Bij een wedstrijd zijn nu eenmaal winnaars en verliezers en Oranje heeft met nul punten onvoldoende gepresteerd en dus verloren. Later op de dag hoor ik van een sportanalist een oorzaak van het verlies die me meer aanspreekt. Het elftal van Oranje vertoont enkele scheurtjes doordat de relaties onderling niet overal even goed zijn; er zijn kampjes gevormd en in plaats van dat de mannen samen een elftal vormen, staan de spelers af en toe recht tegenover elkaar, willen ze allemaal zelf de lakens uitdelen en bepalen hoe er wordt gespeeld.
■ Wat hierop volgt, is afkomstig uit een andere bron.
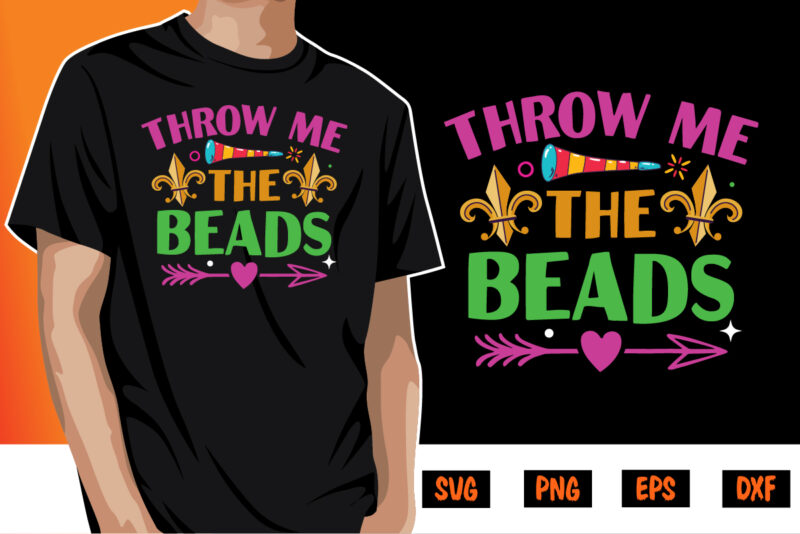 Throw Me The Beads, mardi gras shirt print template, typography design for carnival celebration, christian feasts, epiphany, culminating ash wednesday, shrove tuesday.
Tja, en dan zijn er vele andere scenario’s te bedenken hoe er meer punten gescoord hadden kunnen worden, maar die gaan natuurlijk allemaal mank wanneer een elftal geen eenheid meer vormt. Nu voert het iets te ver om een gemeente te vergelijken met een voetbalelftal en beweer ik allerminst dat in onze gemeente de eenheid zoek is, toch kwam dit even bij me op toen ik op een zondagmiddag in de Flambou slechts zo’n zeventig gemeenteleden in de kerkdienst telde en ik een beetje schrok van de manier waarop deze kerkgangers zich verdeelden over de bankjes.
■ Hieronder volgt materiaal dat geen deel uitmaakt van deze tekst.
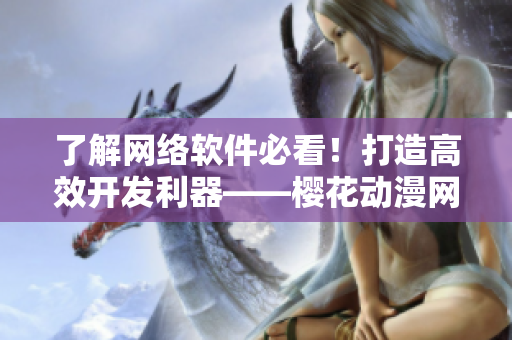 了解網(wǎng)絡(luò)軟件必看！打造高效開(kāi)發(fā)利器——櫻花動(dòng)漫網(wǎng)站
Links achterin zat een groepje van zes mensen verspreid, twee banken daarvoor aan de rechterkant weer twee, en de ruimte er telkens tussen, deed mij allerminst denken aan eenheid. Eén keer heb ik me met dit soort opstellingen bemoeid, toen door hevige sneeuwval wel heel erg weinig mensen naar de kerk kwamen en ze zich ook nog eens verdeelden over de drie vakken met kerkbankjes.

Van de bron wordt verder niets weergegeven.